They were quiet for a time. Cam sank deeper into the leather seat, watching the paling clouds and the silvering rain as daylight asserted its claim on the sky.
“And now here you are, with Jamey ready to give whatever you need whenever you need it, and he’s not asking for anything more than the chance to love you the way you deserve to be loved—and you’re still pushing him away, convinced you’re not good enough for him.”
“You know him. Am I?” he asked bitterly. “I’ve spent my life hiding a whole lot of who and what I am—but he just—it’s part of him to be honest, completely honest. About everything.”
“Scary. Yeah, I’ve gotten to know him. He’s a sweet man. And I know exactly why he loves you.”
Another silence, smaller this time. Cam spent it thinking determinedly about nothing at all.

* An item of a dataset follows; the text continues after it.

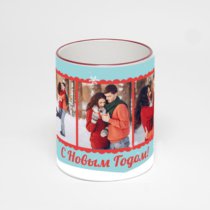 Кружка с бордовой ручкой и ободком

Holly cleared her throat. “I was up with Bella one night—she has a terrible time teething, poor sweetie—and I was watching a talk show. One of the
West Wing
guys was on, being rather rueful and self-deprecating about the fact that whereas his ancestors had raised cattle and worked the land,
he
had to admit to his kids that he had a favorite moisturizer. Made me want to smack him upside the head, because it reminded me of something John Adams wrote—something about how he studied war so his sons could study politics and
their
sons could study poetry. That this guy became an actor—that’s
exactly
what his ancestors had in mind when they came to this country and cleared the land and fought in the wars. They did it so
we
can study poetry, and if we’re lucky we get to create a little poetry of our own. Whether it’s crafting a character and speaking other people’s words in front of an audience, like he does, or writing books like I do, or keeping people safe the way Evan does, or making sure the law does what it’s supposed to do, like Jamey—or teaching people how to get a government going that will let them live their lives—”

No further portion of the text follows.